An irrelevant interlude
by Bernard Brandt
Let’s just say that one friend put on Facebook this silly little thing:
I chose to share it, with the following comment:
Or, as Will Hunting said, “you dropped 150 grand on a fuckin’ education you could have got for a dollar fifty in late charges at the public library!”
A friend of mine chose to say the following: “Bernie, I love you dearly, but I’m afraid I must ask you to return your K-12 education, retaining only what you have learned on your own since (no piggybacking on your friends) since. Oh, and about that reading, basic math, etc. without which other self education would have been difficult..”
And, finally, I chose to say the following: “Anne, I love you dearly as well, and I would be happy to return my K through eighth grade education, as they were an elaborate waste. My mother and I had a very interesting relationship. I wanted her constant attention. She wanted to read. And so, she read to me constantly for as long as I remember, and talked to me for as long. She tells me that I started talking at three months of age. She also tells me that I started to learn to read at 18 months. The first book that I got was at age 3, and it was ‘The Little White House’, the classic Dick and Jane reader. The second book I got was “Houdini on Magic”. It was given to me because I asked my parents for a book on magic. They gave me prestidigitation. I wanted thaumaturgy. Hogwarts, alas, was unavailable. I enjoyed reading it, though.

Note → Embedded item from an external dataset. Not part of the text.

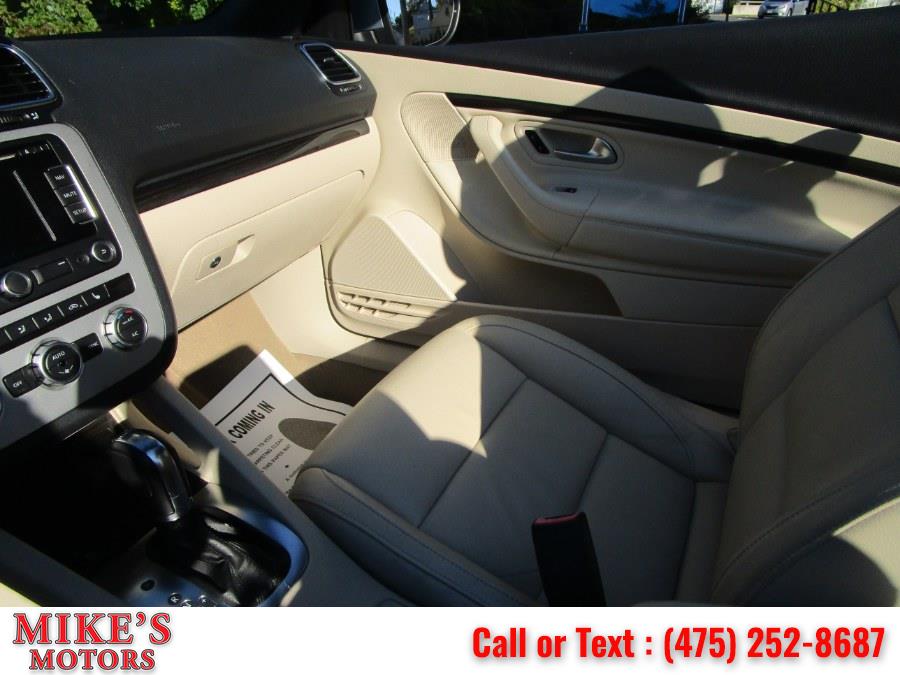 2013 Volkswagen Eos 2dr Conv Lux SULEV, available for sale in Stratford, Connecticut | Mike's Motors LLC. Stratford, Connecticut 2013 Volkswagen Eos 2dr Conv Lux SULEV, available for sale in Stratford, Connecticut | Mike's Motors LLC. Stratford, Connecticut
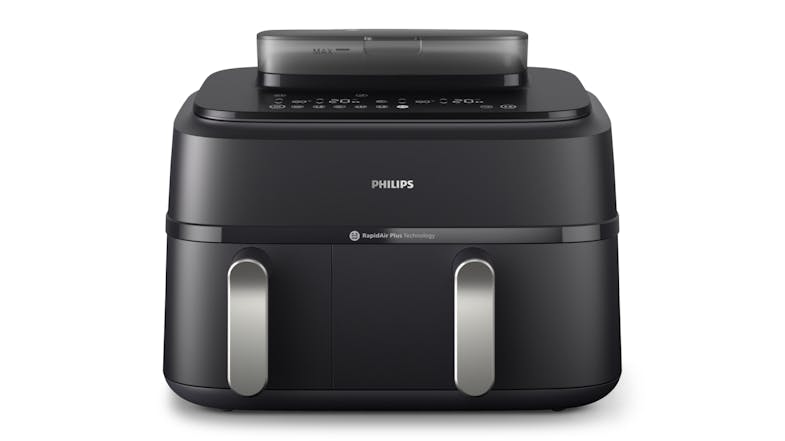 Philips 5000 Series Dual Basket XXL 9L Air Fryer with Steamer - Black (NA551/00) Philips 5000 Series Dual Basket XXL 9L Air Fryer with Steamer - Black (NA551/00)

When I was six years of age, I went to school. I was put in first grade, and I was so hoping to show what I could do. But, an hour later, I was taken out of that class, and put into kindergarten, because (I learned later) I was ‘too young’. We spent a lot of time in stupid games, and ‘rest time’. I learned how to be bored, and how to disassociate into my own world. Alas, on the day that that happened, my mother was bearing her fourth child, my beloved sister Susan, and so she could not properly deal with what was being done to me.
When I was seven years of age, I went into first grade, and I was so eager to show what I could do. I got no response from my teacher. I even asked my mother to make her a new dress. My mother was surprised by this, and asked if I wanted to change my mind. I was insistent. I wanted my teacher to like me, and to help me.
I learned, years later, why my parents were so reluctant to help my teacher. My mother told me, years later, that at their first parent-teacher conference, my teacher told my parents: “Your son is reading at an eighth grade level. I want your help to stop him, because I feel that he is embarassing the other children.” Somehow, and thank God, my parents did not assist my teacher. They let me go on to be myself. When we came to California, and I wanted to read in the public libraries here, they gave me free rein.
Let’s just say that you had someone who could read at an eighth grade level. Put him in a first grade class. See how well he will do. Can we say ‘boredom’, children? Of the years between my first grade and my eighth grade, I am one with Richard Braudigan, whose only lines that I remember are: “My teachers could have rode with Jesse James/For all the time they stole away from me.” I had one good teacher then, in fifth grade. Mrs. McClannahan. She died in February that year. I mourned her, and I still do. So it goes.
So please, spare me your comments about giving back my years from K to 12. I would gladly give them back, so that I could have had the education I could have had from [two good friends] or [two other good friends], or just about anyone than the ones from whom I allegedly got them. My parents were kind and good enough to let me read in the libraries (and they were glorious in those days). That is good enough. And, to quote the classics: “Thank you so much for bringing up such a painful subject. While you’re at it, why don’t you give me a nice paper cut and pour lemon juice on it!”
Seriously, though, thank you for prompting this cathartic moment. I’ve been wanting to say this for a long time.